Moussaoui’s statement Nov 3, 2014: Moussaoui Ltr to Ok Fed Ct (pdf)
‘Saudi prince paid for 9/11 pilots to learn to fly’: Incredible claims of ’20th hijacker’ serving life in prison for terrorism as he asks to testify again in court and reveal all
By Associated Press and Kieran Corcoran for MailOnline 01:19 17 Nov 2014,
- Zacarias Moussaoui, 46, filed court documents claiming Saudis funded 9/11
- He said an unnamed prince paid for him and 19 hijackers to learn to fly
- Moussaoui was given life sentence in 2006 after admitting terror charges
Government lawyers interviewed him and said he had ‘relevant’ material
Saudi government has flatly denied all involvement in 9/11
- Experts cast doubt on Moussaoui’s credibility, as he is erratic in court
A jihadist serving life in prison on terror charges brought in the wake of 9/11 has claimed the Saudi Arabian royal family helped finance the plot.
Zacarias Moussaoui, 46, says an unnamed Saudi Prince paid for flying lessons for him and the 19 terrorists who hijacked planes in the September 11 attacks in the run-up to the atrocities.
The incredible claims were made in documents filed to a federal court in Oklahoma, in which Moussaoui says a prince ‘was assisting me in my Islamic terrorist activities… and was doing so knowingly for Osama bin Laden’.
He also said that bin Laden provided assistance from Saudi leaders in planning the attacks, and that he was involved in a plot to shoot down Air Force One with President Bill Clinton on board.
The Saudi government has flatly denied any involvement in 9/11. Moussaoui’s own credibility is also suspect – as even Osama bin Laden has denied he had anything to do with his terrorist plots.

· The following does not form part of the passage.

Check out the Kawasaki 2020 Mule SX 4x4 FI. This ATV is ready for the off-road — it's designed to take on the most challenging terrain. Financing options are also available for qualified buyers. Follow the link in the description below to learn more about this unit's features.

Lawyers for the Federal government have taken him seriously enough to interview him over the claims at the maximum security Colorado prison where he is serving a life sentence without parole. They say he had ‘relevant’ material to contribute.
However, officials in Oklahoma have said Moussaoui’s requests to be allowed to speak in open court and to be assigned government lawyers will probably be denied, as his claims have nothing to do with any existing cases.
‘Even if he somehow got to the point where he could testify, there would be a credibility issue,’ said Carl Tobias, a professor at the University of Richmond School of Law. ‘Would his testimony be valuable? That’s doubtful.’